What Is Return On Capital Employed (ROCE)?

For those that aren't sure what ROCE is, it measures the amount of pre-tax profits a company can generate from the capital employed in its business. To calculate this metric for YETI Holdings, this is the formula:

Return on Capital Employed = Earnings Before Interest and Tax (EBIT) ÷ (Total Assets - Current Liabilities)

0.12 = US$90m ÷ (US$1.1b - US$345m) (Based on the trailing twelve months to July 2023).

Therefore, YETI Holdings has an ROCE of 12%. In absolute terms, that's a pretty normal return, and it's somewhat close to the Leisure industry average of 15%.

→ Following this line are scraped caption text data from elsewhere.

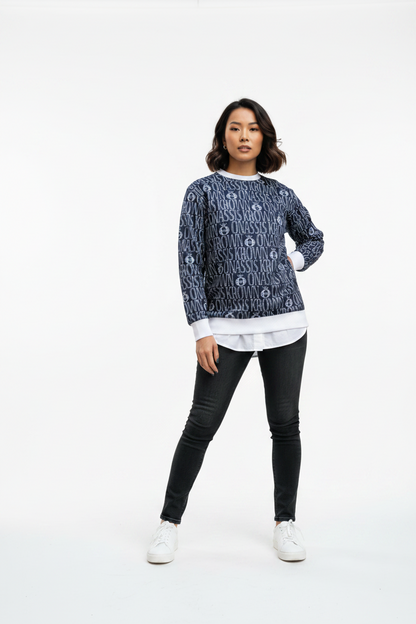 Blue All Over Print Designer Monogram Pullover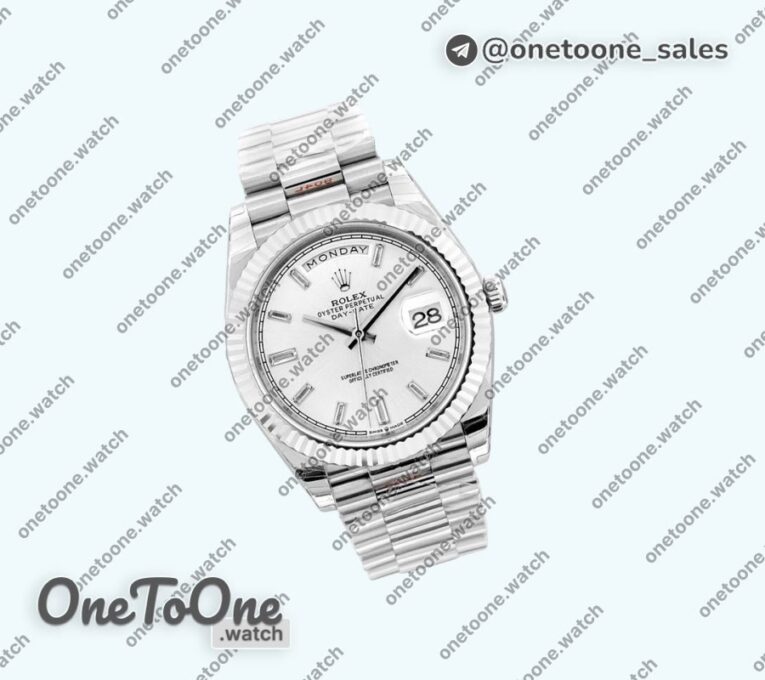 Реплика часов Rolex Day Date 40mm Stainless steel Top-tier Копия один в один Diamands Marker Black&Silver Dials Stainless steel Bracelet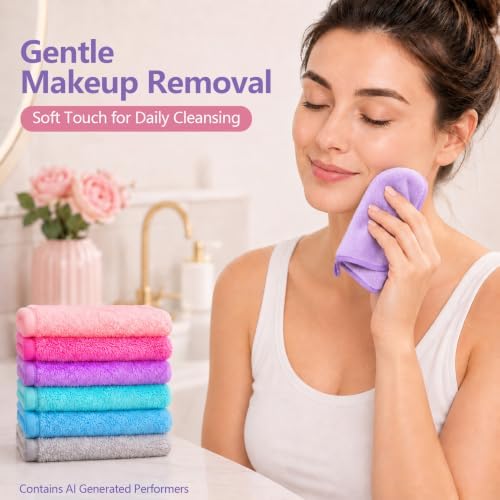 Sukh Makeup Remover Cloth - 7PCS Reusable Makeup Remover Pads, Microfiber - Image 6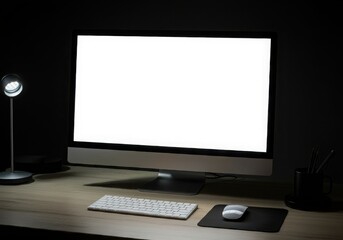Fototapeta premium Modern computer,laptop with blank screen background.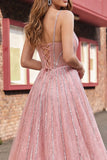 Vestido de baile de sirena con tirantes finos brillantes y rosa rosa con capa
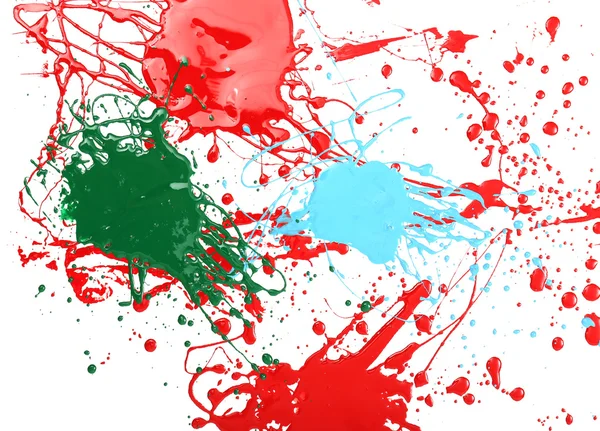 Colorful splashes of paint — Stock Photo, Image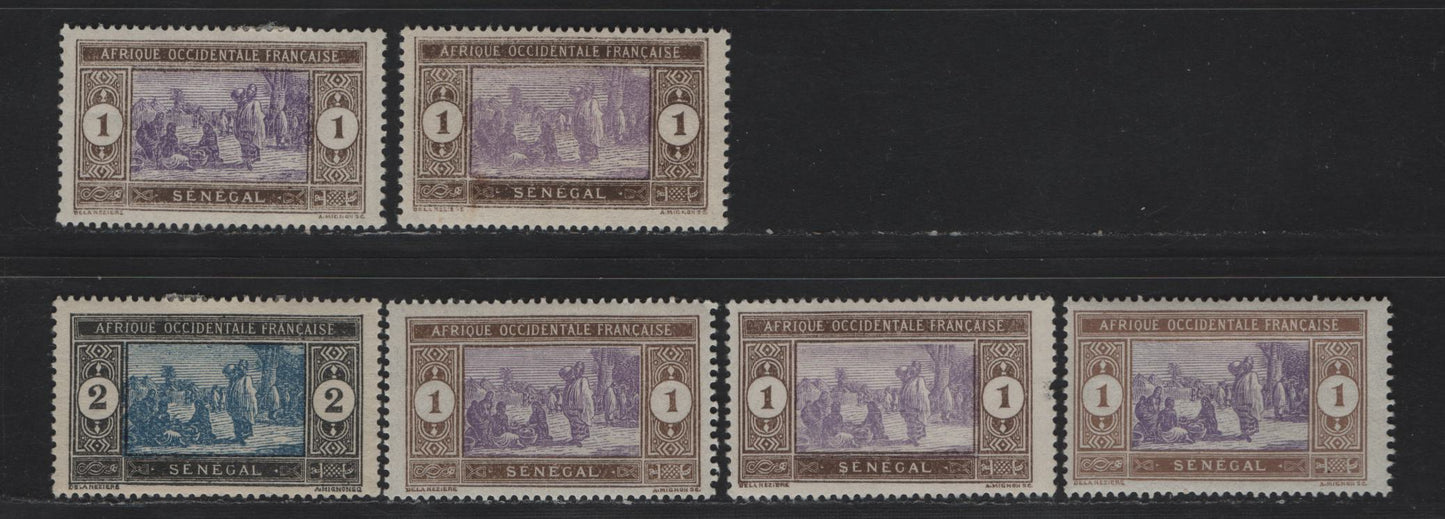 Lot 111 Senegal SC#79-83, 84a, 85-92, 97-98, 109-110, 123, 131 1c - 25c on 5c Olive Brown & Violet - Violet & Green Senegalese Preparing Food, 1914-1927 Keyplate Issue, 30 F/VFOG Singles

Check out our latest analysis for YETI Holdings

roce
NYSE:YETI Return on Capital Employed September 12th 2023

In the above chart we have measured YETI Holdings' prior ROCE against its prior performance, but the future is arguably more important. If you'd like, you can check out the forecasts from the analysts covering YETI Holdings here for free.

What Does the ROCE Trend For YETI Holdings Tell Us?

On the surface, the trend of ROCE at YETI Holdings doesn't inspire confidence. Around five years ago the returns on capital were 26%, but since then they've fallen to 12%. However it looks like YETI Holdings might be reinvesting for long term growth because while capital employed has increased, the company's sales haven't changed much in the last 12 months. It's worth keeping an eye on the company's earnings from here on to see if these investments do end up contributing to the bottom line.

Our Take On YETI Holdings' ROCE

Bringing it all together, while we're somewhat encouraged by YETI Holdings' reinvestment in its own business, we're aware that returns are shrinking. Additionally, the stock's total return to shareholders over the last three years has been flat, which isn't too surprising. On the whole, we aren't too inspired by the underlying trends and we think there may be better chances of finding a multi-bagger elsewhere.

YETI Holdings does have some risks though, and we've spotted 1 warning sign for YETI Holdings that you might be interested in.

If you want to search for solid companies with great earnings, check out this free list of companies with good balance sheets and impressive returns on equity.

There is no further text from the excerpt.